In this sense, I am very much so nineteen. It is true that I have maintained confidence in a certain purpose in my life and while the platforms on which I build change, the end-goal is always the same: to serve God by serving his people. But if I am self-critical, I spend more time wondering what my next experience will be than that of the marginalized child my own company strives to serve. Or forget, for a moment, the distant, ambiguous child that appears in any patronizing charity advertisement: I think about my own experience more than that of even my best friend. Than that of my mom. How long before ‘experience’ becomes ‘well-being’?

 

In the story of Narcissus, Nemesis, the Greek goddess also known Adrastei, meaning “inescapable” for the arrogant, is known as the counter force to hubris. When Narcissus, the handsome young hunter, drowns from staring at his reflecting in the lake, it is said that he got what he deserved. But I prefer an ending author Paulo Coehlo offers in The Alchemist, in which the lake mourns for his death. Like Narcissus, we Millennials stare daily into our own lake. But if we fall in, if we succumb to the hyper-active pressure of the media to achieve its unattainable version of perfect, it will only be to the detriment of our own human kind that we pass.

 

Like many other 19 year-olds, I am pulled into this current of narcissism. Thus, I have created some goals for The Year of 19 to stay above the surface:

 

1.     Post with a conscience – social media is not the king of all evils, but how I use it matters.

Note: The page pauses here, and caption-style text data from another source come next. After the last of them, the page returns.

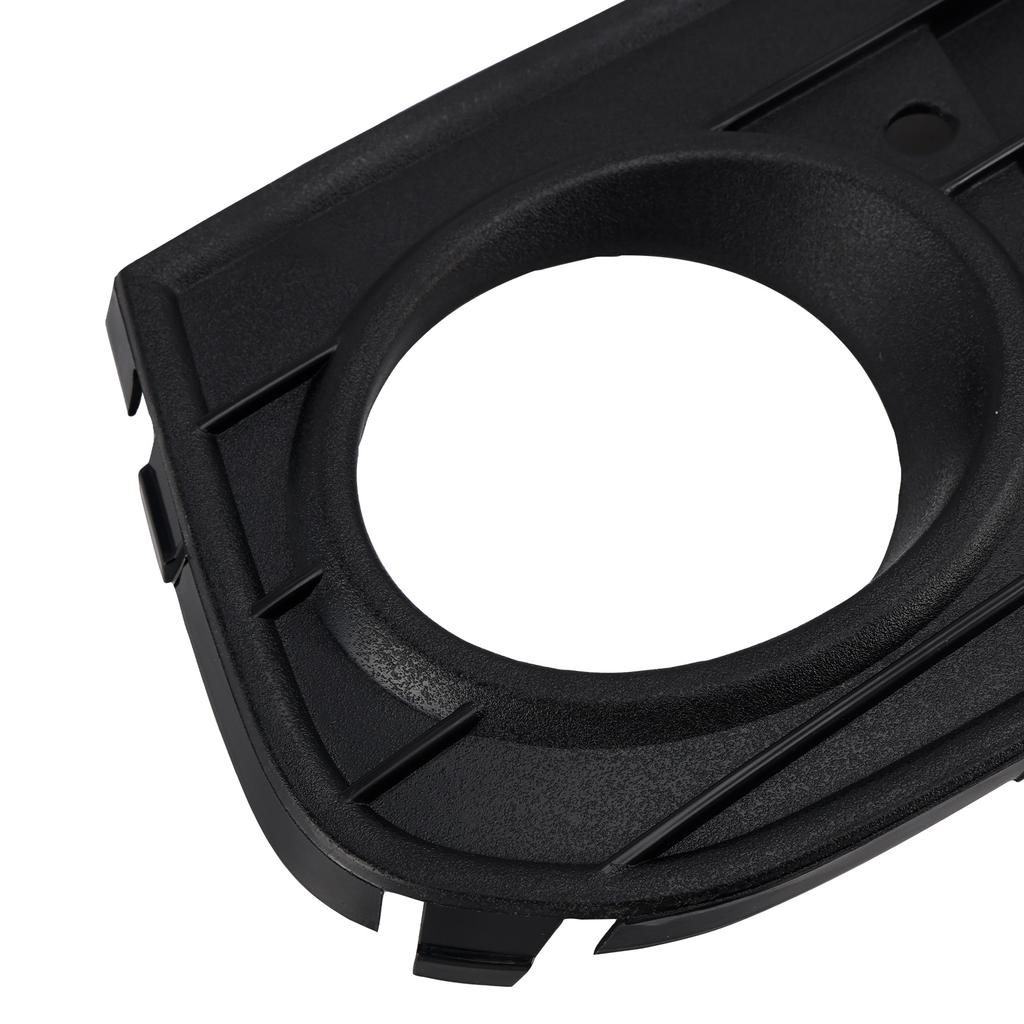 Nebelscheinwerfer Leuchtenabdeckung Einsatz Gitter Gitter Passend für BMW 4ER REIHE F32 428i 2014-2020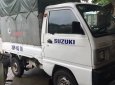 Suzuki Super Carry Truck 1.0 MT 2009 - Bán Suzuki Super Carry Truck 1.0 MT đời 2009, màu trắng, 112 triệu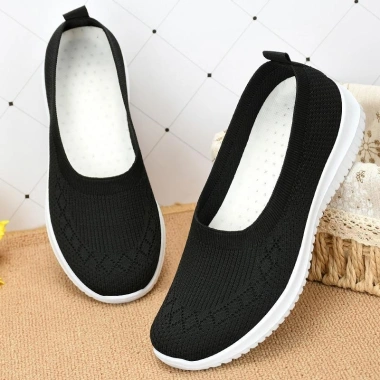 Giày lười nữ cao cấp, thấm hút nhanh khô, thoải mái, thời trang – Giá 609.500₫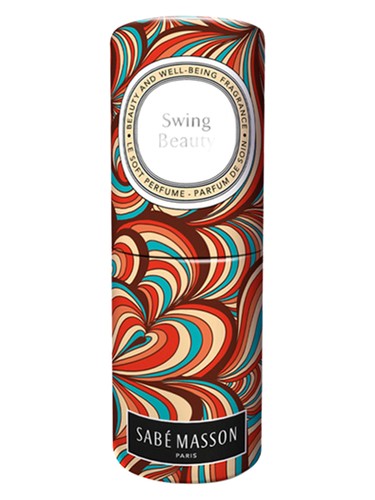 عطر ادکلن سوینگ بیوتی ساب ماسون - Swing Beauty Sabe Masson - بررسی، قیمت و خرید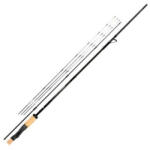 Guru Lanseta Guru Aventus Feeder SR Light 10ft, 3.05m, 40g, 2+3 tronsoane (GU.GRD060)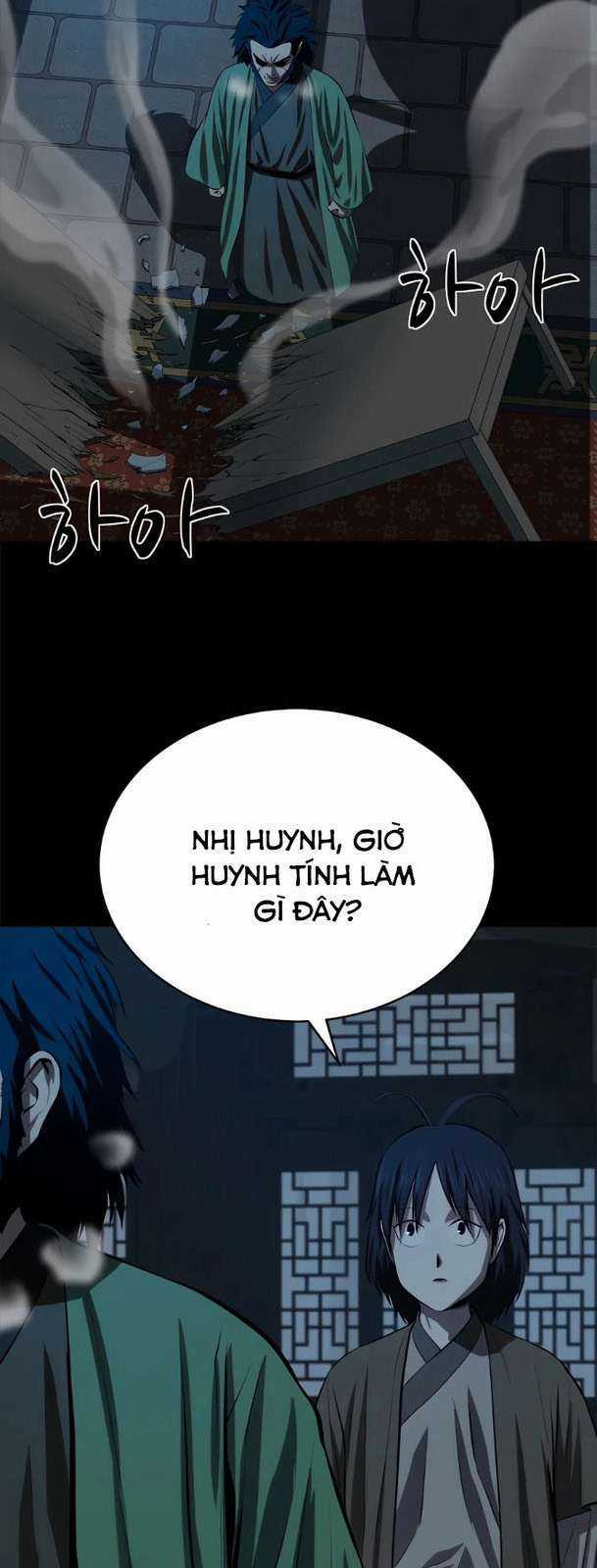 Sư Phụ Quỷ Diện - Chapter 95 - Trang 41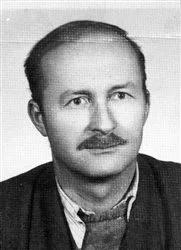 Zapomniany krzyk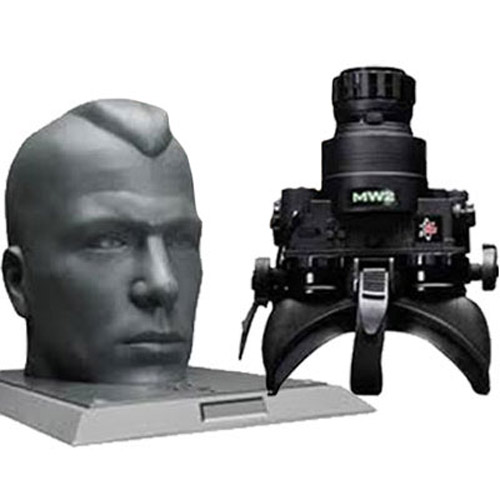 Call Of Duty Fully Functional Night Vision Goggles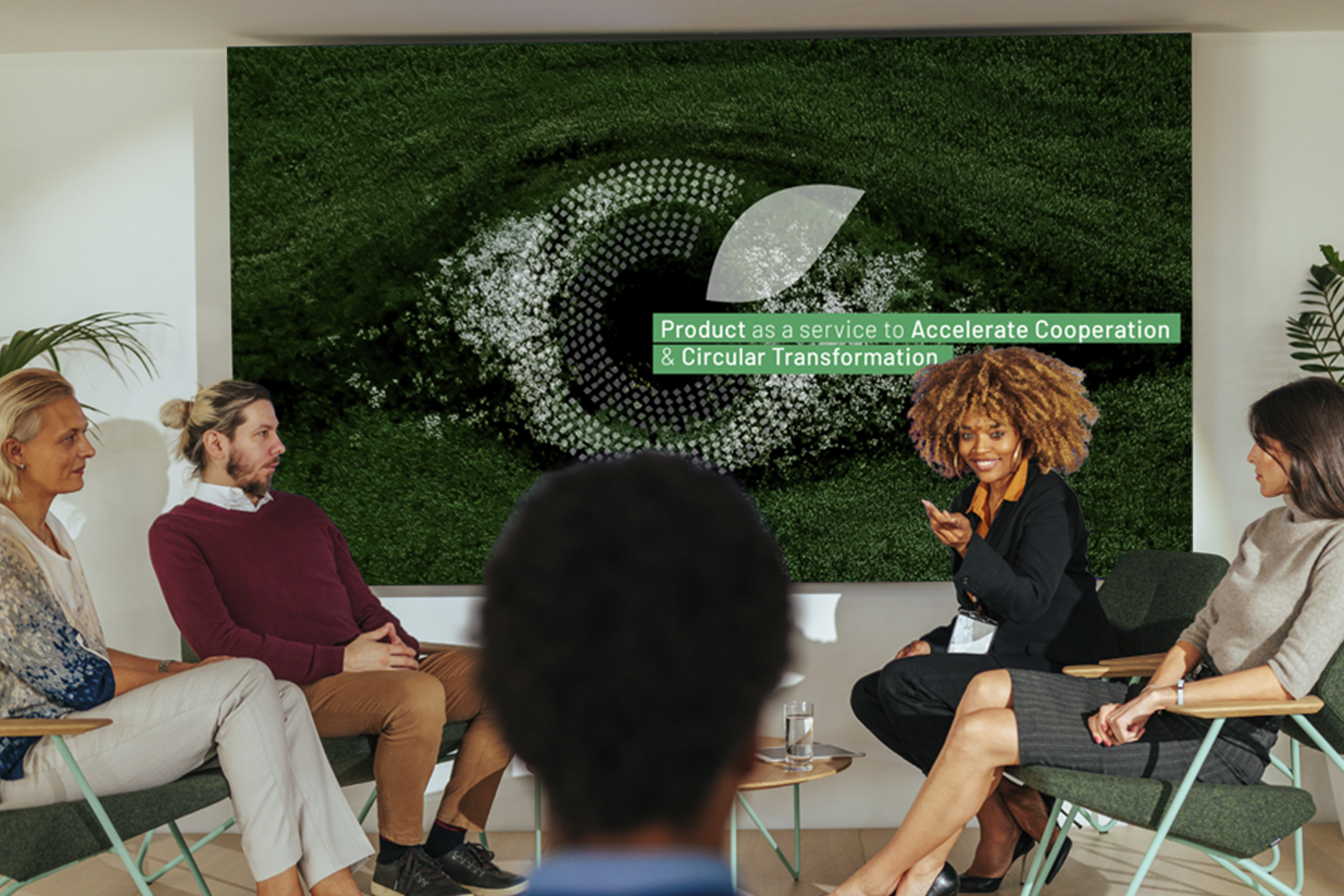 PACCT webinar : 11 new sustainable PaaS use cases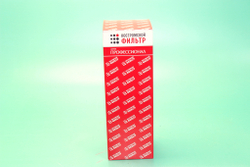 Фильтр топливный КамАЗ грубой очистки со стаканом /PL420/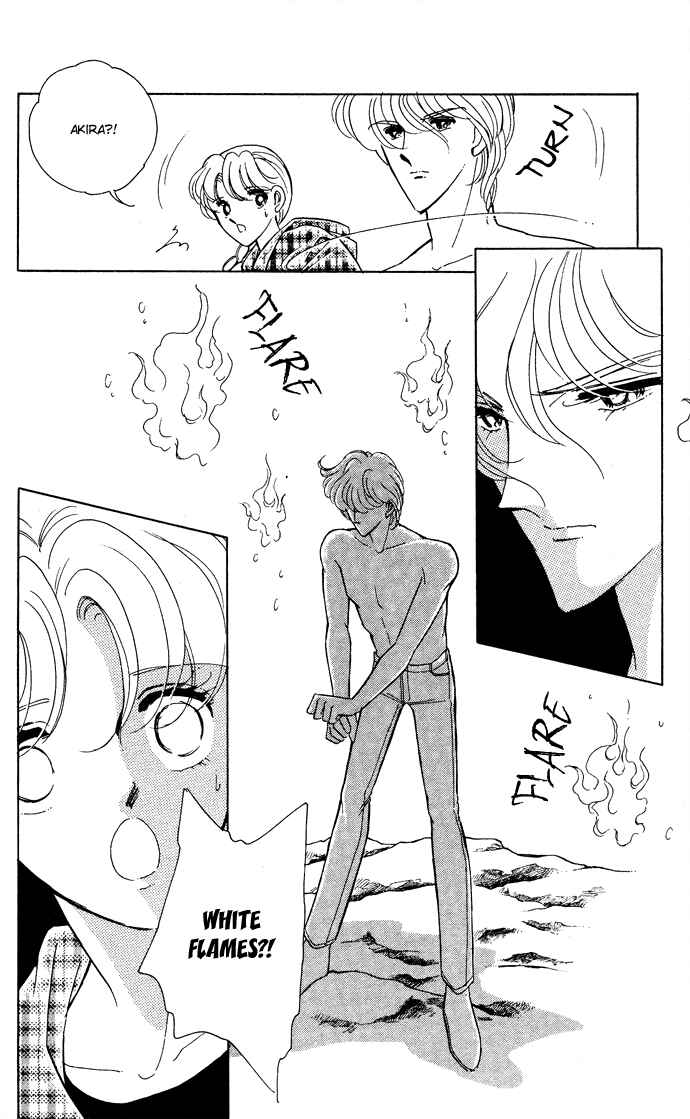 Page 50 Chapter 46 Blue Seal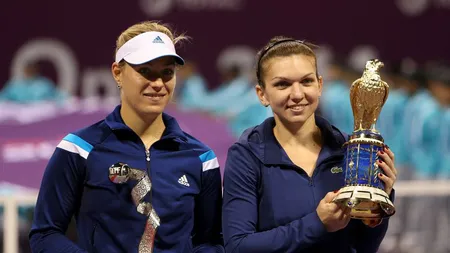 FED CUP, România-Germania. Simona Halep, lider de echipă. Lotul nostru pentru meciul de la Cluj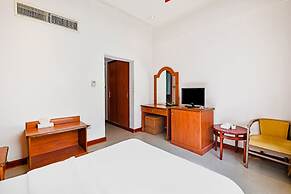 OYO 118 Revira Hotel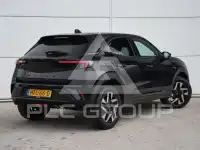 2025 Opel Mokka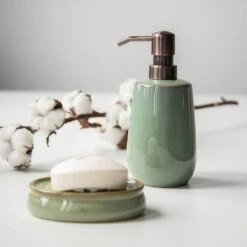 Wenko Distributeur De Savon Sirmione -Wenko 1000333220 220218 021 MOOD DETAILS P000000001000333220 mood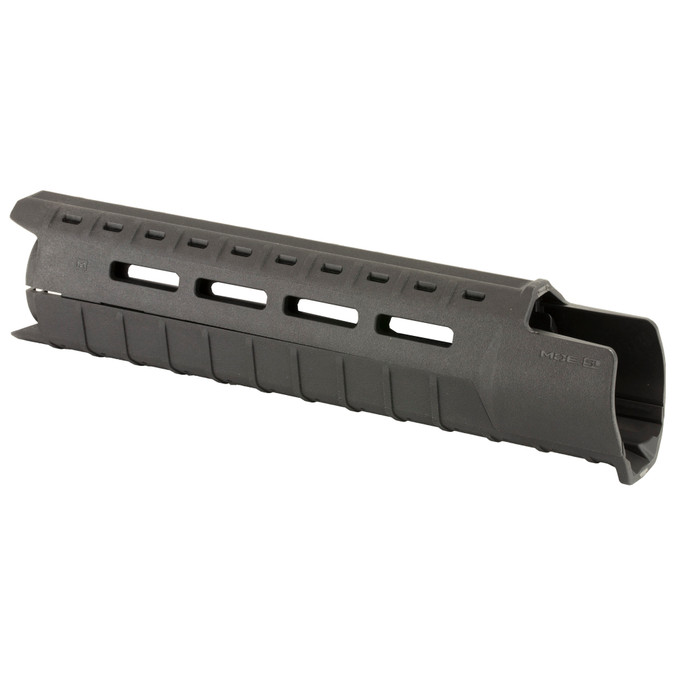 Magpul MOE SL HANDGUARD AR15 MID BLK MAG551-BLK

How can I leverage my media presence to build awareness, convey honest messages, and further a cause?

2.
Context is key – the bigger picture has helped me understand many a situation and it won’t fail me now. In the words of Eileen Knowles, “We have such limited perspectives of the world. And yet we must remember that every human beside us does too.”

3.
Meet people where they are – I owe my making to the people who have met me where I needed them most—even when they were leaps and bounds ahead of me intellectually, emotionally, or spiritually. I have a responsibility to pay it forward whenever and in whatever way opportunity presents itself. And right now, that starts with my siblings.

      These are my goals for The Year of 19. What’s your year? What are your goals?